Les deux camps vantent une campagne sans attaque personnelle, mais le naturel revenant vite au galop, les tacles ont rapidement fusé. Dès l’annonce de la candidature du ministre de l’Intérieur, l’entourage du chef des députés LR dégaine, dénonçant « la lourde responsabilité d’ouvrir une guerre des chefs qui va diviser le parti ».
La raison de cette colère ? Un accord qui aurait existé entre les deux hommes pour se partager les postes : Retailleau au gouvernement, Wauquiez au parti. « Un deal que Laurent a dû passer avec lui-même » ironise un proche du ministre.Dans l’entourage du député, on reconnaît « un sentiment de trahison », « un tournant dans leur relation ». Laurent Wauquiez ne tiendrait pas rigueur à son adversaire d’avoir changé d’avis, « mais qu’il ne le reconnaisse pas, quelle tristesse », remarque la même source.
Pourtant, les deux hommes sont d’accord sur un point : ils ne veulent pas de guerre des chefs. Lors d’un nouveau bureau politique, ce lundi 17 février, Laurent Wauquiez dit à son adversaire : « Je ne suis pas candidat contre toi ». À la sortie, Bruno Retailleau affirme « qu’il faut être deux combattants pour la guerre » et qu’il ne compte pas être l’un d’entre eux.
Les deux hommes sont d’accord sur un point : ils ne veulent pas de guerre des chefs
Les arguments sont bien rodés des deux côtés.

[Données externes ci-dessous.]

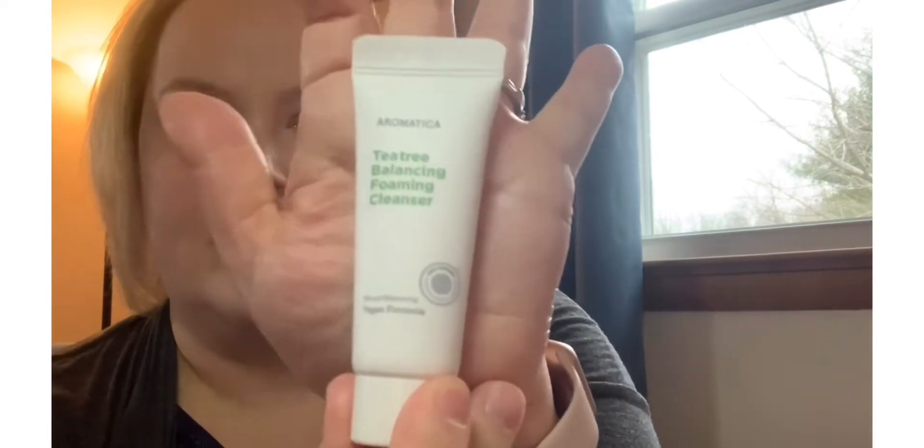Next, from Aromatica, this is the Tea Tree Balancing Foaming Cleanser with a vegan formula. Get your skin clean and healthy with this cream-to-foam face wash that removes dirt, oil, and makeup — even the most stubborn kind. It's made with skin-loving ingredients like tea tree oil to help calm inflammation, redness, and acne, and organic aloe vera leaf to moisturize and soothe. Tip: lather up the cleanser on wet palms, massage it onto your face in circular motions, and rinse thoroughly. The full size value is $26, and the Luxie brush I mentioned earlier is $18 full size.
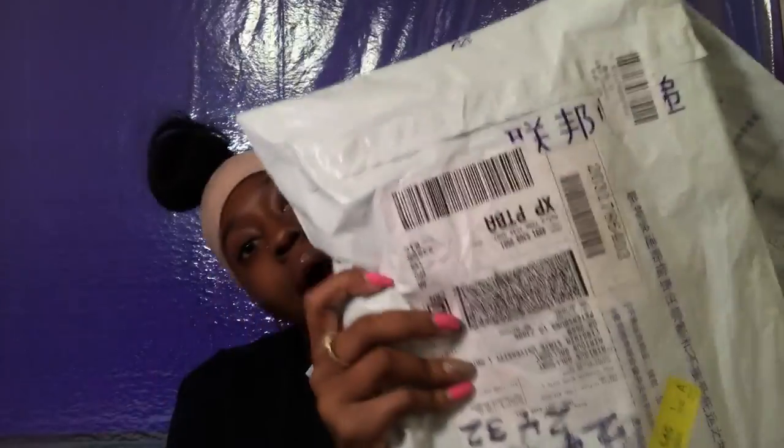Hey guys, welcome back to my channel, it's me Aria Sashaun. If you are not subscribed, make sure you go ahead and subscribe. Today's video is going to be all about my hair. And just to clarify — I'm not pregnant, okay? People have been calling my phone. That was just an attention grabber so you'd click the link to the video. When I said 'my baby,' I was talking about my hair.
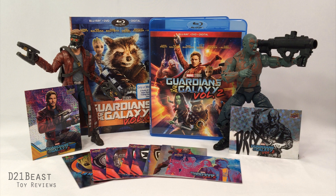So there you have it, toy fans — the Walmart exclusive Blu-ray packaging with the Upper Deck trading cards. Thanks for joining me today. If you picked up this same box set, let me know in the comments below which cards you came across. You can always keep up with me on Twitter and Instagram at d21beast, and I'll see you guys next time.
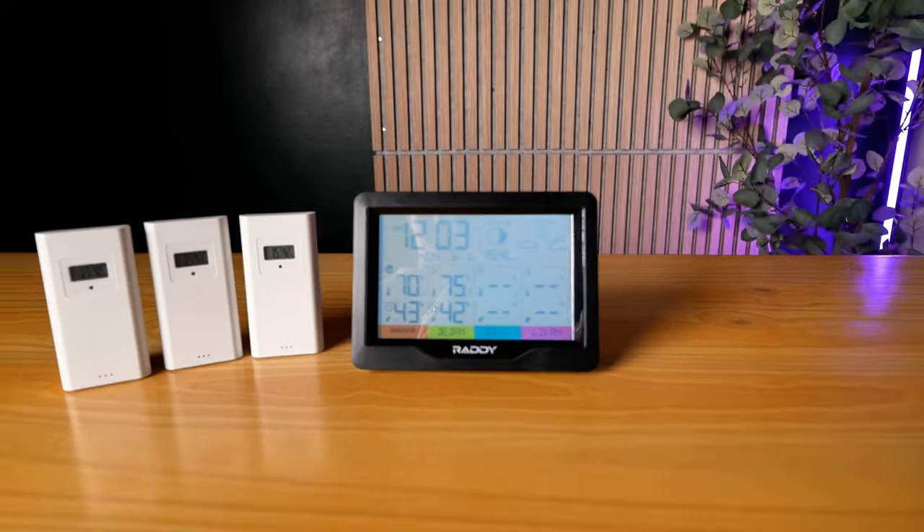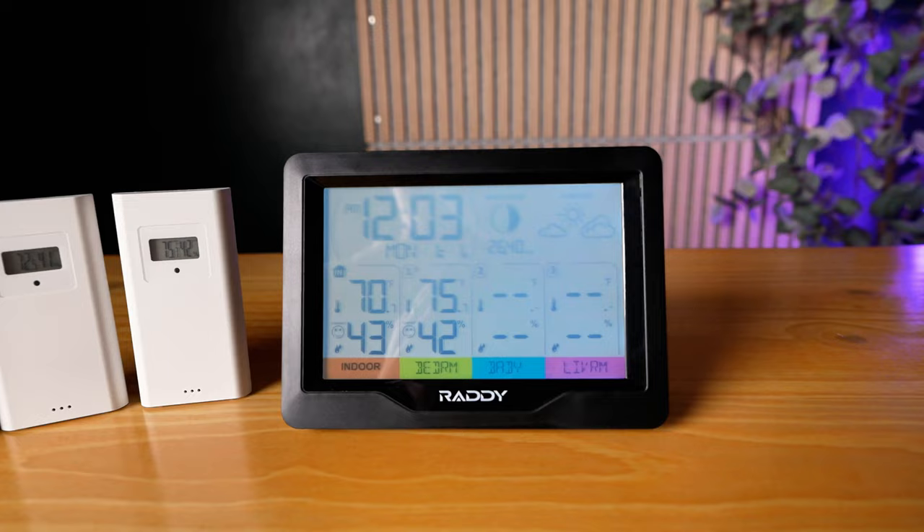The Raddy WF-60M has an atomic clock, dual alarms, and automatically syncs the date and time. This is great because you never have to think about adjusting it for things like daylight saving time. Plus, the dual alarms are really nice if you need certain reminders throughout the day, like reminding you to go out for your morning or afternoon ride.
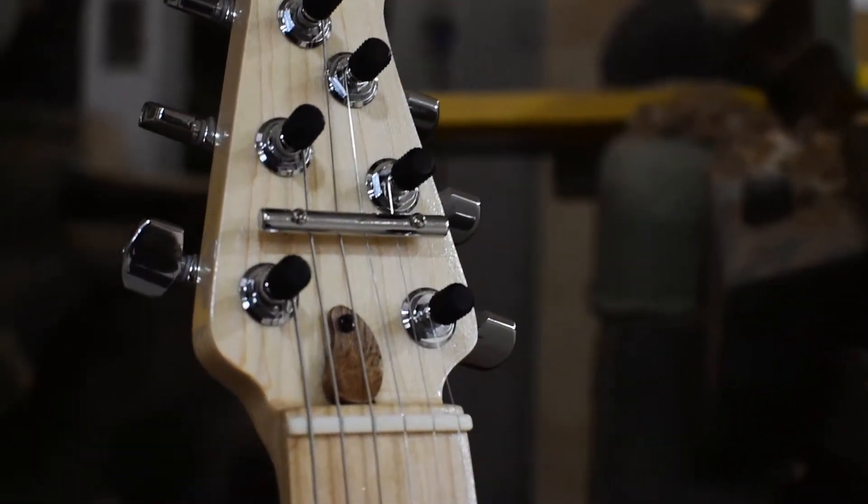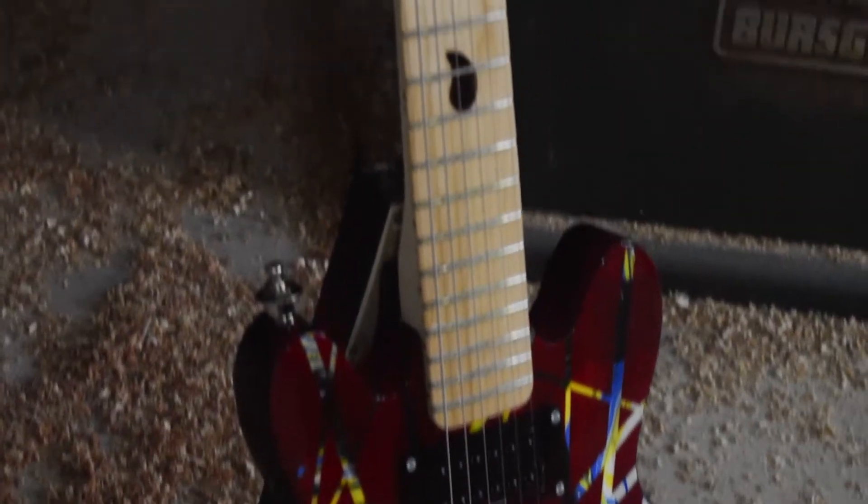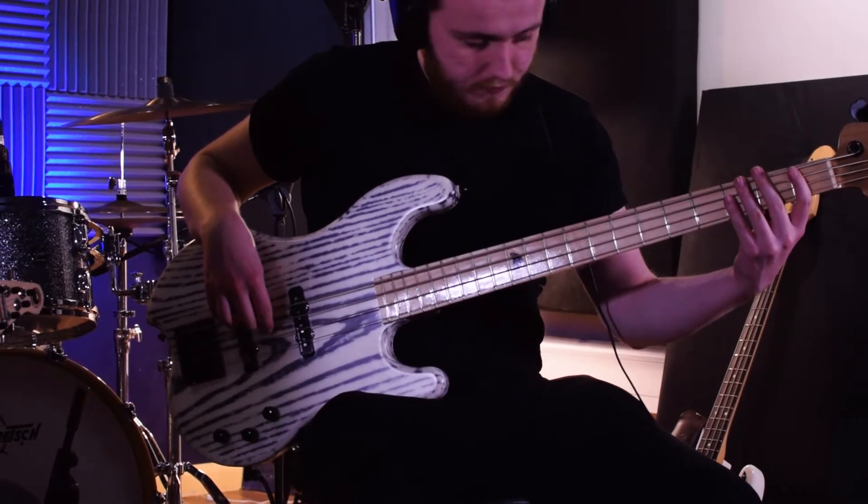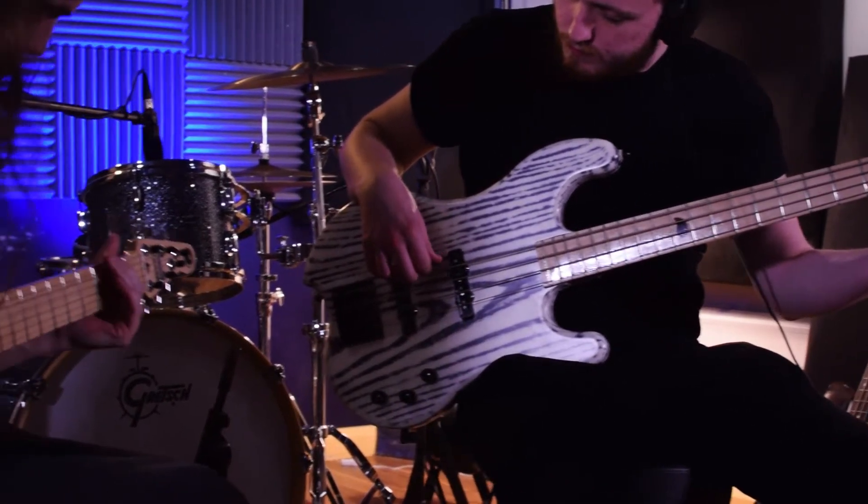My band plays live gigs every week, and when we aren't playing live we are either practicing, writing or recording new material. I also play as a session musician, so I needed a bass that was reliable and versatile.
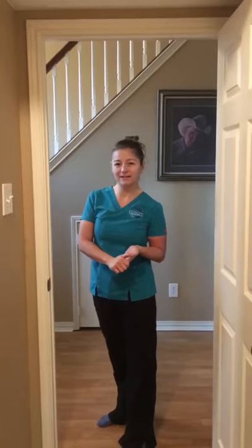This will take your shoulders from the rounded position to the open position, and then you'll be able to start working into the neck with my neck video. After this one, go ahead and go to the neck video — that will help alleviate neck, shoulder, and upper back pain, as well as migraines and even TMJ. You guys have a great one and I'll see you soon.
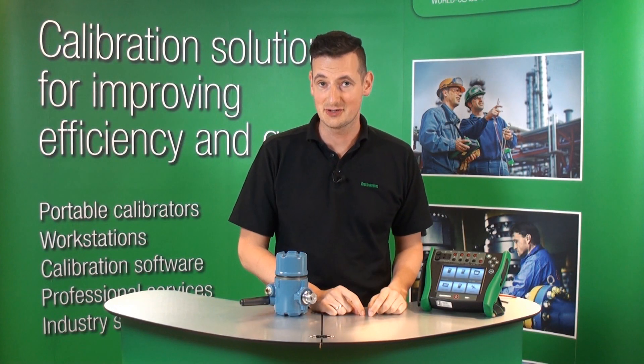Hi, my name is Michael from Beamex. In this short video, I'm going to show you how to calibrate a wireless HART transmitter using Beamex MC6.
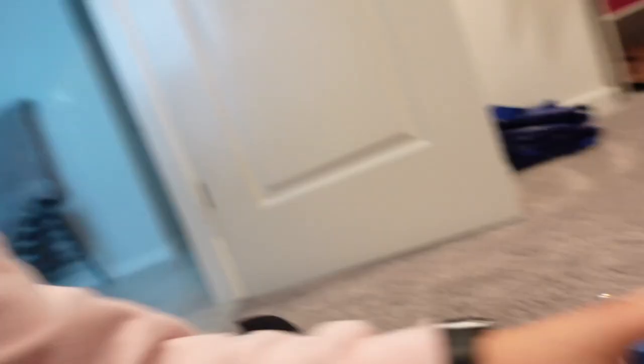I did a little research and came to the conclusion that I either wanted some Hokas or some Brooks. I went to REI and tried on both — they didn't have my size in the Brooks, but I'd heard very good things about Hokas, so I decided to get these instead. I'm going to take you all along on a run to show you how I feel in them. Here are the shoes: they are the Bondi 8, size seven and a half, from REI.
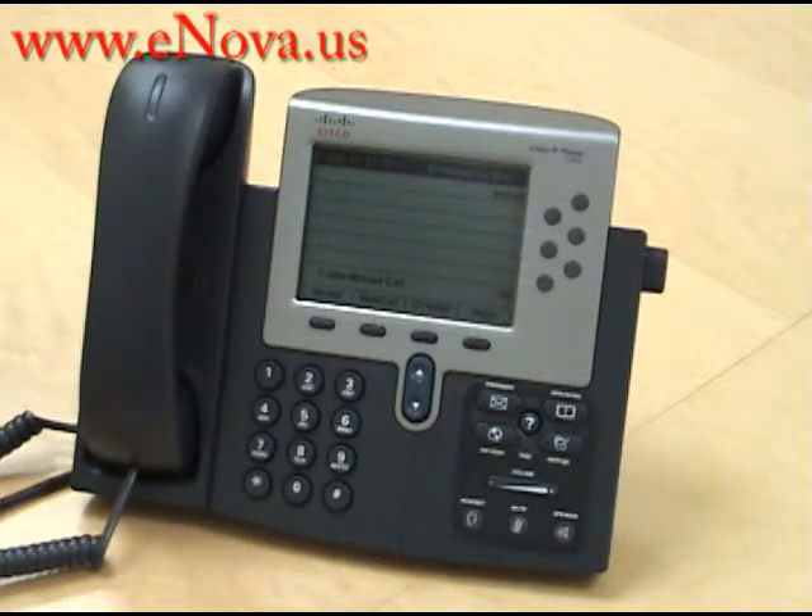That is how you send a call to voicemail using the do not disturb button on the Cisco IP 7962.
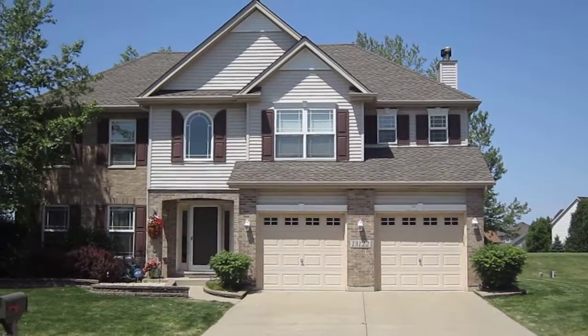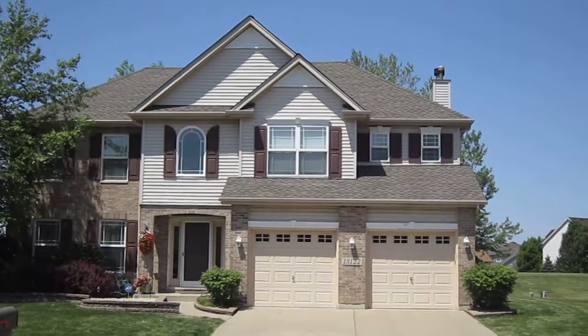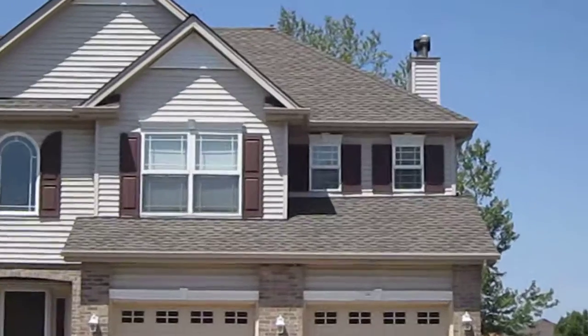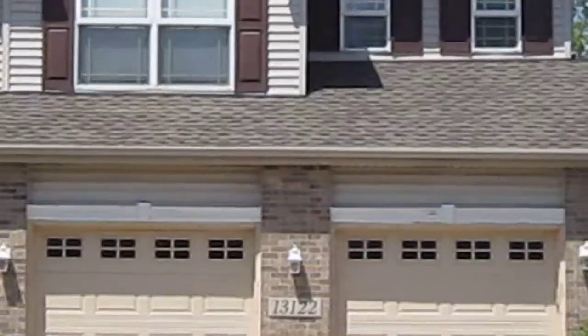Hey there, everyone. Kevin here from Stan's Roofing and Siding out here in Plainfield, Illinois, where we just got done doing this roof and gutters and gutter guard for this homeowner. We tore off the existing roof and we put on some GF Thermaline HD shingles along with some nice new gutters.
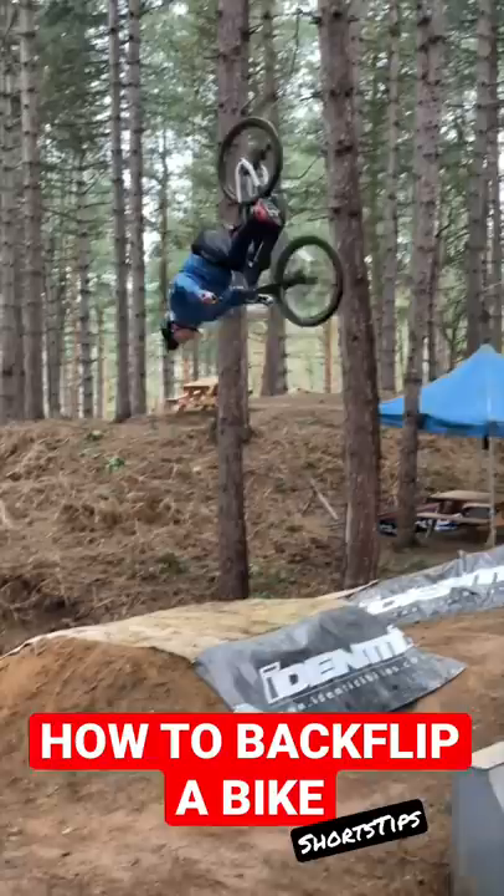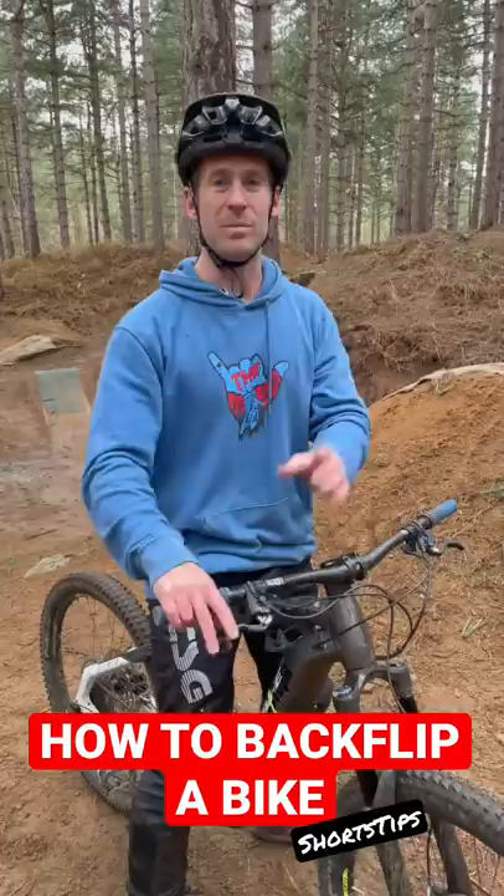Very scary trick. You need full commitment, but it is very easy. I suggest you try it in a foam pit first. Don't forget: faster, look for the top of your helmet, and pull back hard off the lip and you'll be flipping in no time. This was Shorts Tips.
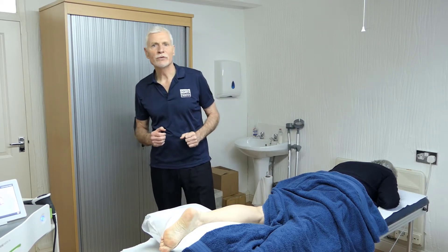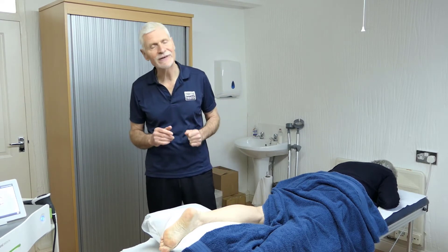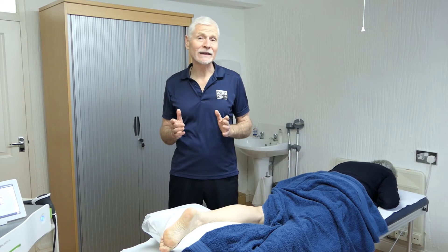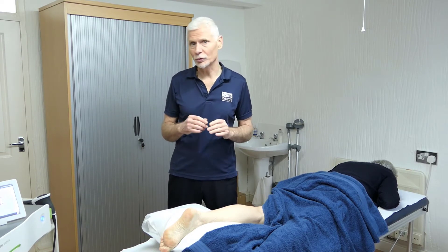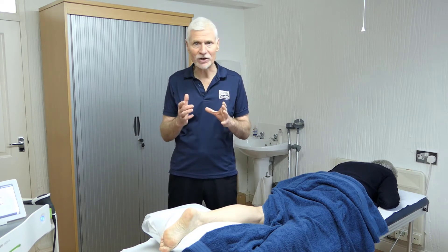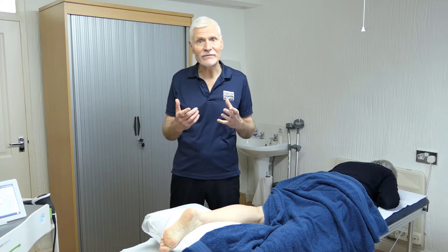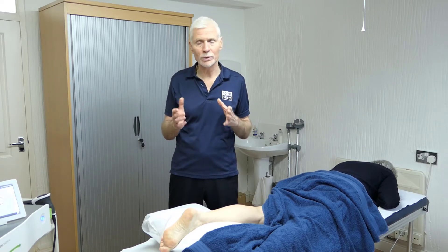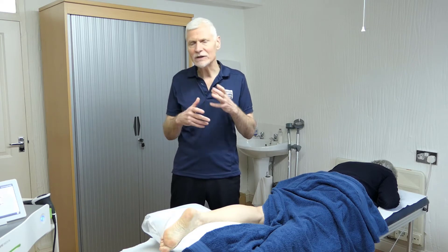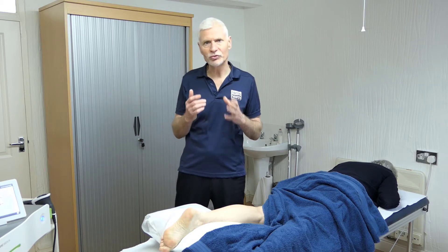I'm going to use an example of using shockwave therapy for tendinopathy. In this case, it's an Achilles tendinopathy. Shockwave therapy, or more accurately extracorporeal shockwave, produces an acoustic wave — a sound wave of energy — which goes into the body and then has several physiological effects. What we're doing here is using it to change the healing mechanism of the body and also to reduce pain.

Bruno Retailleau veut s’appuyer sur son bilan à Beauvau. Le camp Wauquiez lui répond, tranchant : « Quel bilan ? Cela va vite se voir, qu’il parle beaucoup mais que les actes ne suivent pas ». Un député abonde dans ce sens : « Il dit qu’il fera à LR ce qu’il a fait à son ministère. C’est-à-dire : rien ? Échec sur l’Algérie, pas de loi immigration, rien sur l’AME… »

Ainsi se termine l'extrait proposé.